In Österreich kennt man die drei Herren von Alt-J spätestens seit sie mit ihrem Song „Fitzpleasure“ in der A1-Werbung zu hören waren. Was kaum jemand mitbekommen hat: Nach ein paar Monaten wurde der Spot wieder abgesetzt; scheinbar ist jemandem aufgefallen, dass der Song eine Vergewaltigung thematisiert. Die Briten haben sich in Österreich sowie international zu einer der großen Indiepop-Bands aufgeschwungen. Dabei ist ihre Musik gar nicht so einfach einzuordnen. Neben Alternative Rock, Folk und Elektro-Pop schwingen jede Menge Melancholie, eine Prise Psychedelisches und ab und an geradezu mittelalterlich anmutende Melodien mit.
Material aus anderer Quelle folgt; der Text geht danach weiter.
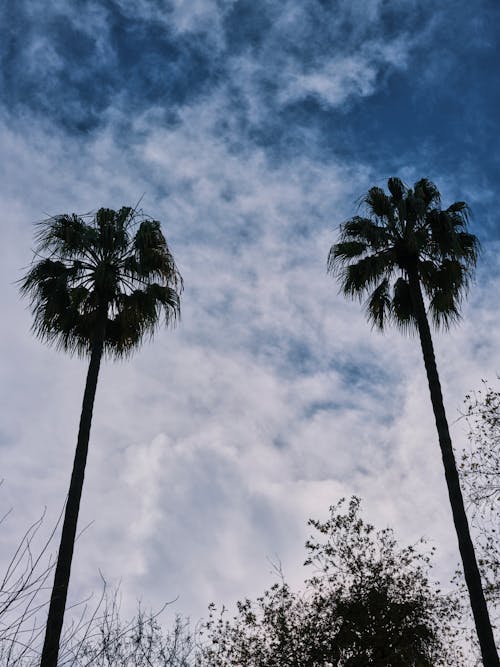 Darmowe zdjęcie z galerii z błękitne niebo, chmury, drzewa kokosowe
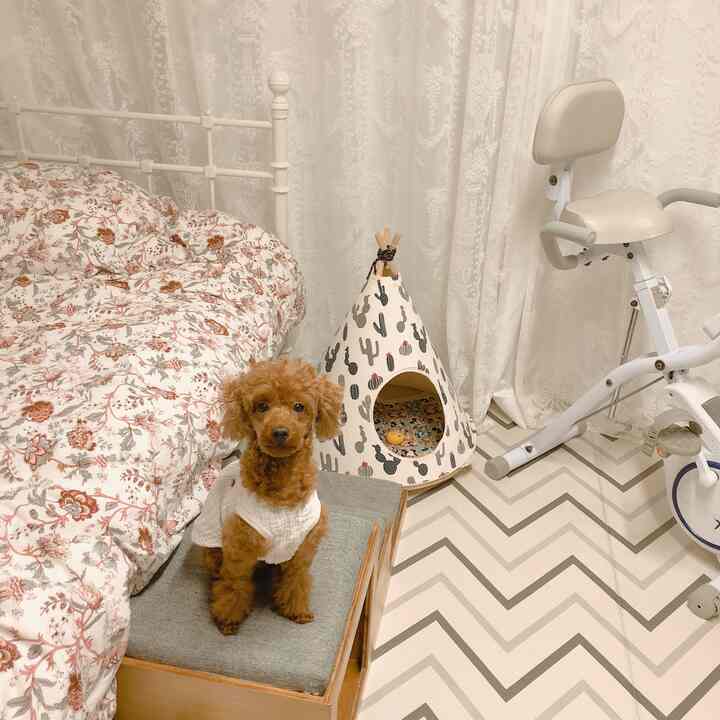 White and brown toned walk-in closet featuring a small dog and cozy decor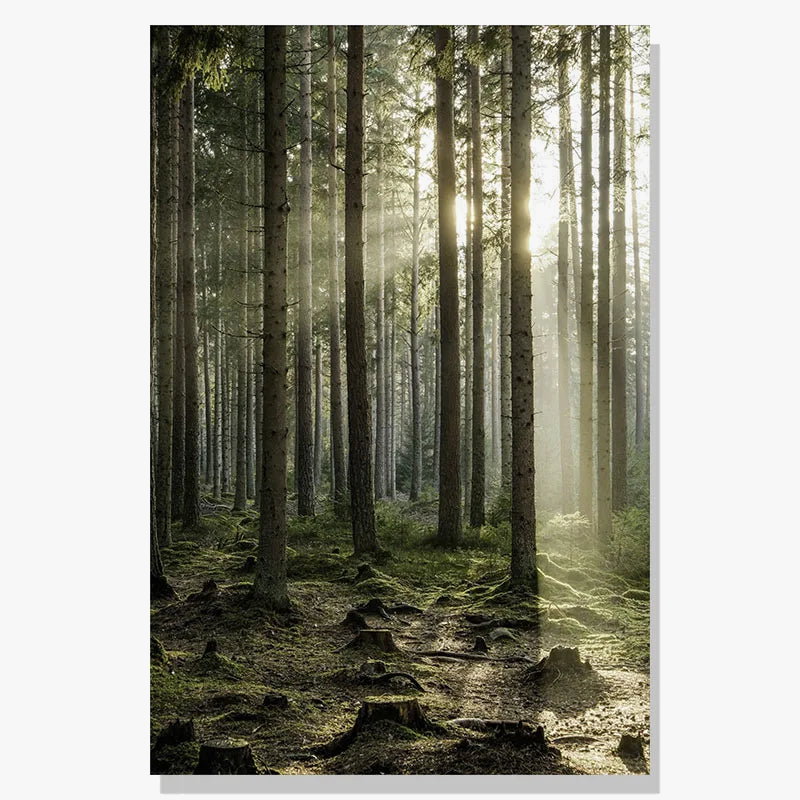Nordic landscape winter deer owl sunlight wall art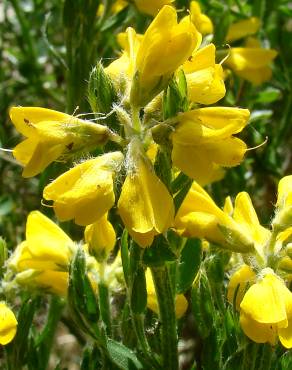 Fotografia 4 da espécie Genista tournefortii subesp. tournefortii no Jardim Botânico UTAD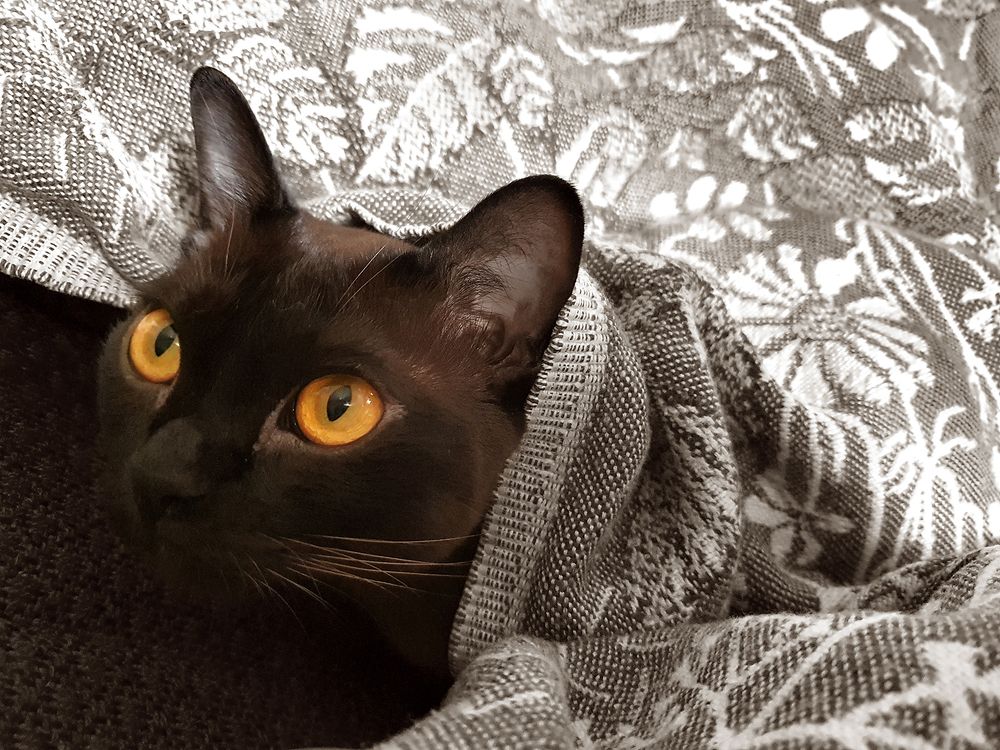 Фотография автора Надежда Лисицына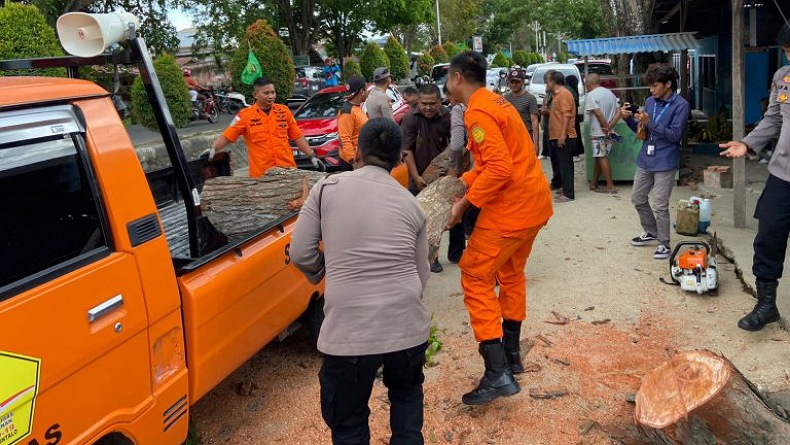 Pohon Besar di Kota Gorontalo Tumbang Diterjang Angin Kencang 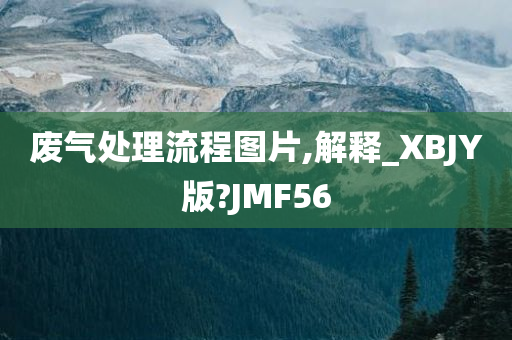 废气处理流程图片,解释_XBJY版?JMF56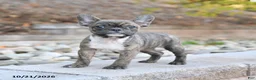 Frenchton dogs for sale: Julie  - Ad 2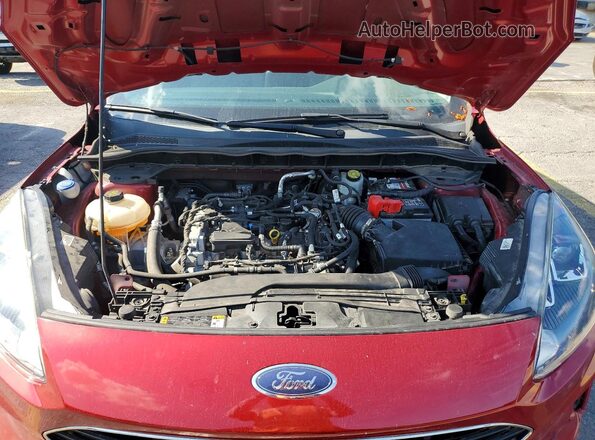 1FMCU0G69MUB17114 2021 FORD ESCAPE Красный Вид наклейки с VIN-кодом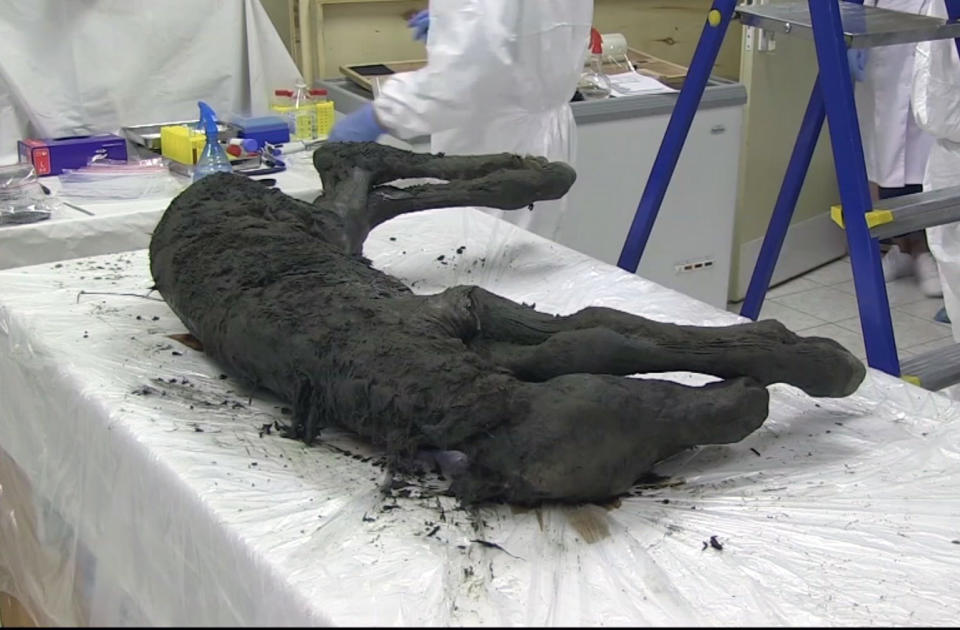 In this image made from video, scientists examine the fossil of a horse in Yakutia, Russia, Thursday, Aug. 23, 2018. Russian scientists have found the carcass of an ancient foal perfectly preserved in Siberian permafrost. The fossil discovered in the region of Yakutia has its skin, hair, hooves and tail preserved. Scientists from Russia's Northeast Federal University said Thursday that the foal is estimated to be 30,000 to 40,000 years old. (AP Photo)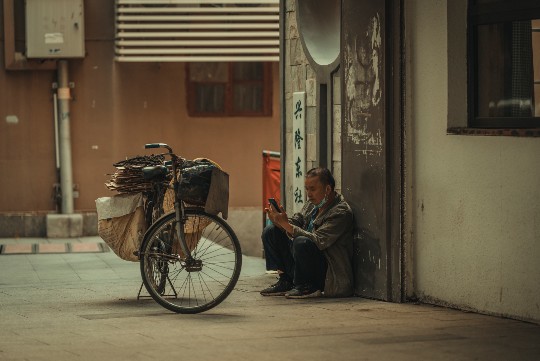 广州购金指南，宠物达人揭秘最佳买金地点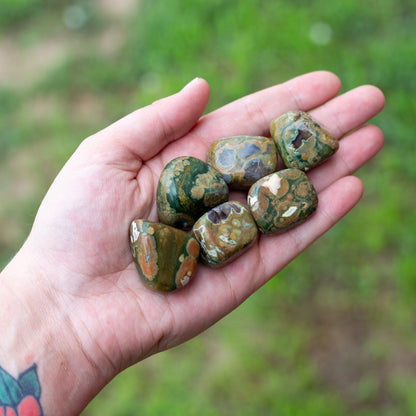 Rhyolite Tumbled 1lb
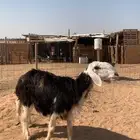 نجدية تو تشق سدس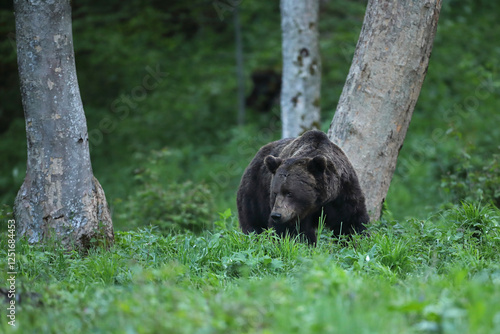 Fototapeta Naklejka Na Ścianę i Meble -  Niedźwiedź brunatny, (Ursus arctos), brown bear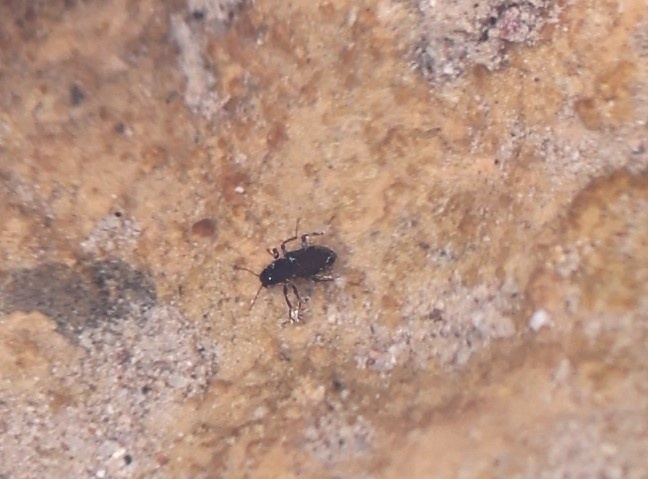 Microcylloepus similis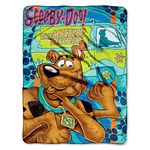 Northwest Warner Brothers Scooby-Doo, Whole Gang' Micro Raschel Throw Blanket, 46' x 60', Multi Color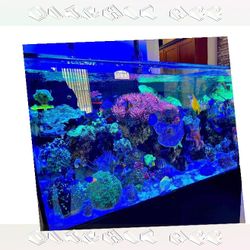 Premium-Grade Aquarium Setup - Top-Level Quality Choice suffer cell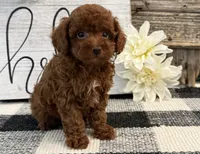 Bailey, a male Poodle - Toy  for sale in Shipshewana, IN – 2 of 6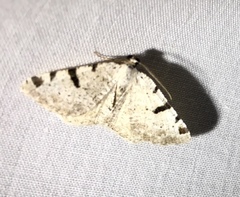 Macaria subcessaria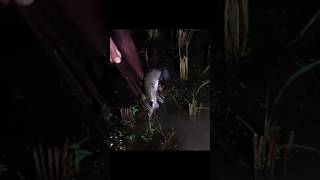 night fishing video #fishing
Der Kitt, der alles zusammenhält, ist die markante, nasale Fistelstimme von Leadsänger Joe Newman. An dieser Stelle ein Shout-out an die zwei wachen Typen, die „how to write an alt j song“ gemacht haben.
Auf ihrem aktuellen Album „RELAXER“ zeigt sich die Band abwechslungsreich und experimentierfreudig. Neben vielen ruhigen und gefühlvollen Balladen stehen ein paar großartige Singles. „Deadcrush“ ist eine davon und dient in der Wiener Stadthalle als starker erster Song. Die drei Musiker stehen auf der großen Bühne starr an ihren Stationen. Für Dynamik und Bewegung ist trotzdem gesorgt: Unzählige LED-Streifen hängen von der Decke und bauen Abteile aus Licht für Keys, Gesang und Drums. Die Lichtinstallation, kombiniert mit Bildschirmen und Scheinwerfern, sorgt für beeindruckende dreidimensionale Lichteffekte und schafft ganz eigene Stimmungen.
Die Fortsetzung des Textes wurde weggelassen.